Have you ever wondered why Jewish boys were prohibited from reading the Song of Songs until age 13? I distinctly remember the first time I heard this as a young adolescent. Guess what I went home to read that evening? I also recall my disappointment…”is that all there is to it?” Now, of course, I realize that a lot went over my head (isn’t God masterful?).
Rabbi Akiva said,
The entire world, all of it, is not equal in worth to the day on which the Song of Songs was given to Israel. Why? Because all other books in the Writings are holy, whereas the Song of Songs is holy of holies. (Sefer Ha-Aggadah, Section 136 – Song)

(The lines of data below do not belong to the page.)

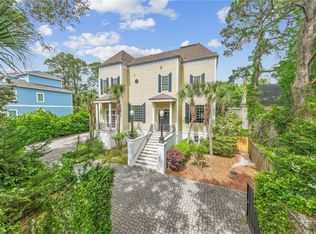 19 Burkes Beach Rd, Hilton Head Island, SC 29928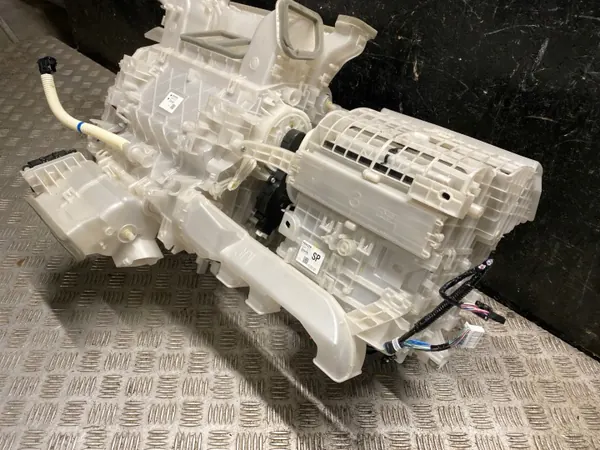 Toyota Blästerhus OEM 87050-33D50 Begagnad image 3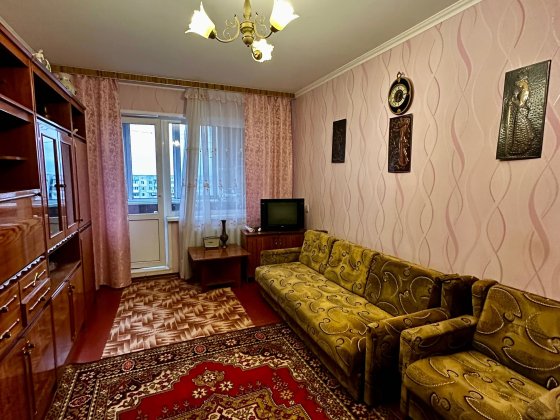 2-кімнатна / вул.Курсова/ можна з тваринкою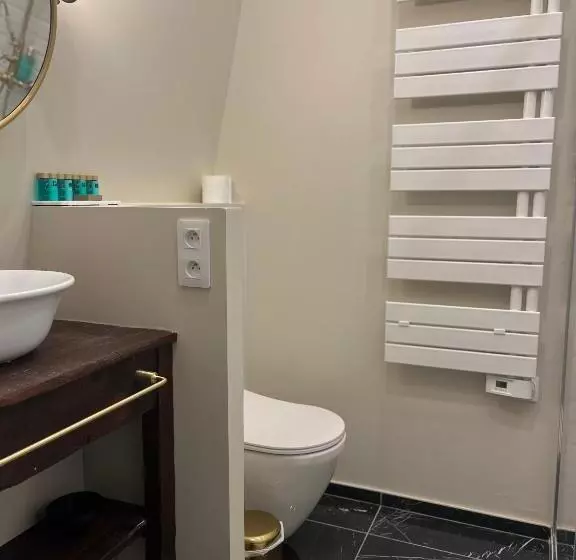 هتل 24h Le Mans Château De Lauresse Chambres D Hôtes Luxe
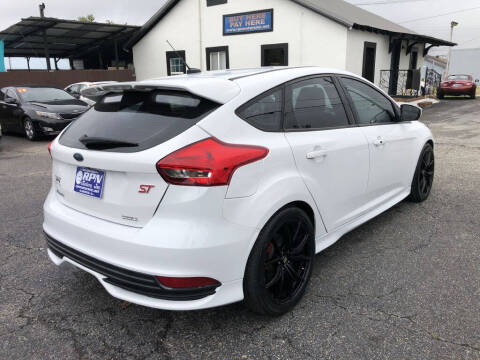2018 Ford Focus ST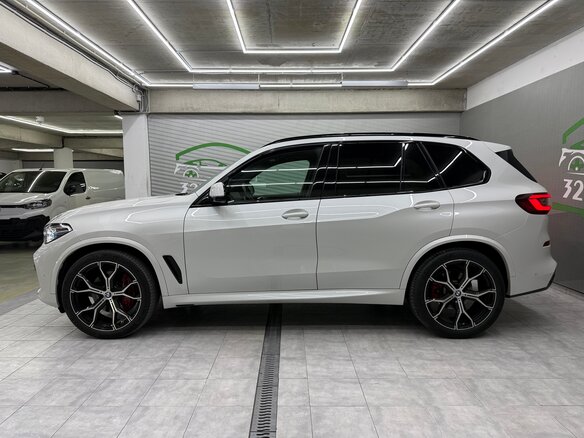 2022 BMW X5 40i IV (G05/G18), белый, 7200000 рублей - вид 25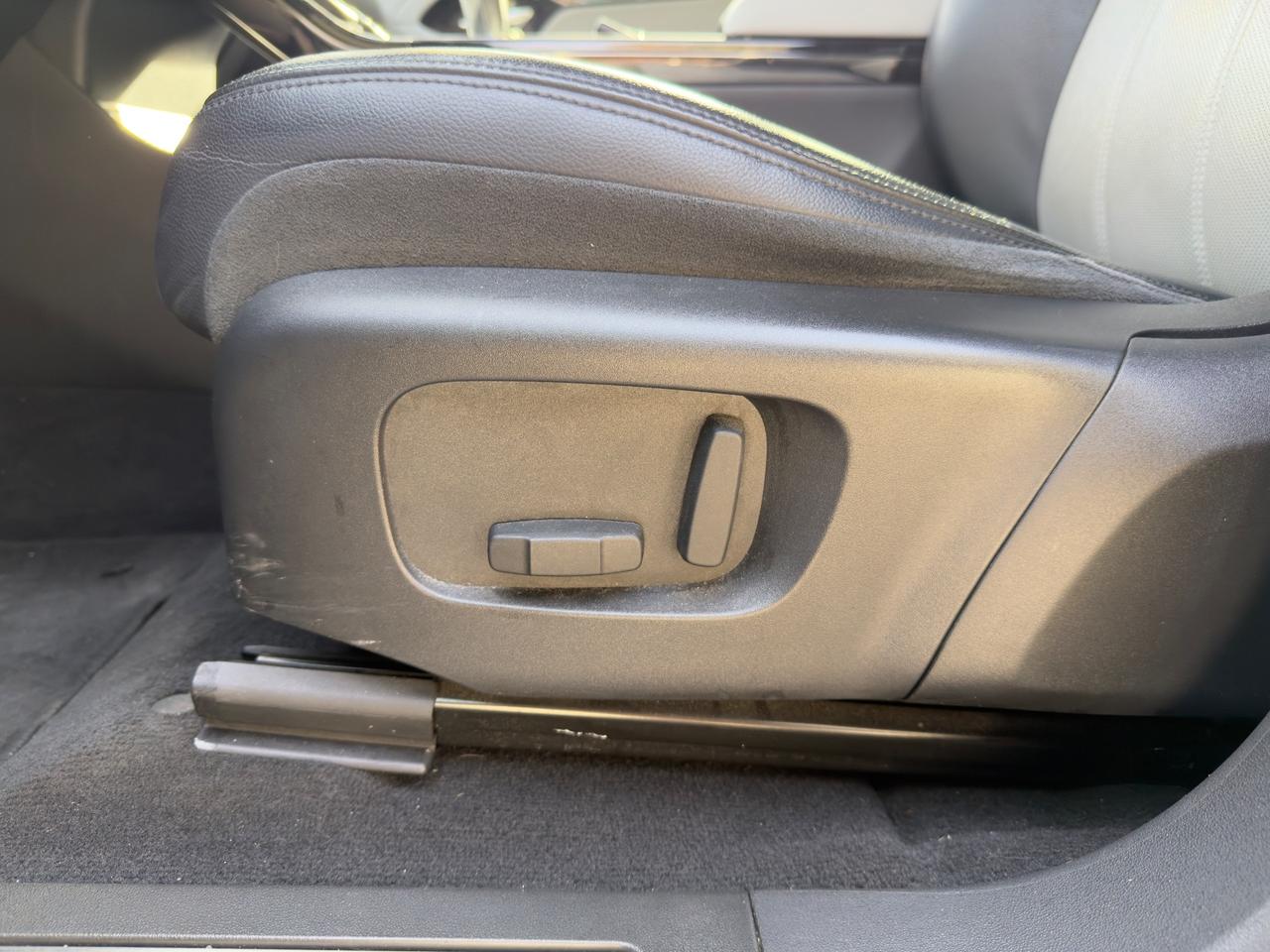 Land Rover Range Evoque 2.0D I4 180 CV AWD Auto First Edition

So while I have a more mature appreciation of Shir HaShirim these days, one phrase has continued to puzzle me–until today.
Your two breasts are like two fawns, twins of a gazelle, that graze among the lilies. Song of Solomon 4:5 (ESV)
And then I ran into this fascinating insight on the Blue Cord biblioblog:
…He (Marvin Pope) notes that in Akkadian, anpu means “nose,” just as its cognate ap does in Hebrew. But in Akkadian, it also means “nipple.” Hebrew probably also had this meaning, but it is not preserved. So, just as the face of the gazelle slopes down to the nose, so does the breast slope down to the nipple. It is not only a wonderful image but a great play on words as well.
So there you go, you’ve always wondered and now you know. I have a totally new appreciation for gazelles.